--- Task requirements ---
Every line in the data below has to be repeated exactly; no picture belongs in the result.

--- Dataset section ---
<<<<
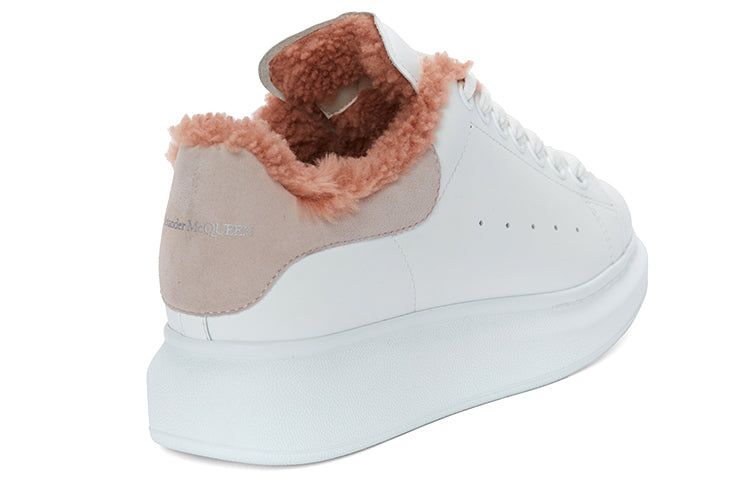 (WMNS) Alexander McQueen Oversized Sneaker 'White Patchouli' 609650WIAFJ9446 sold by KicksCrew product image thumbnail 4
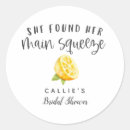 Recherche de foudre autocollants Citron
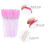 Brosse jetable pour mascara et extensions de cils 4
>>>>
--- Result ---
 (WMNS) Alexander McQueen Oversized Sneaker 'White Patchouli' 609650WIAFJ9446 sold by KicksCrew product image thumbnail 4
 Recherche de foudre autocollants Citron
 Brosse jetable pour mascara et extensions de cils 4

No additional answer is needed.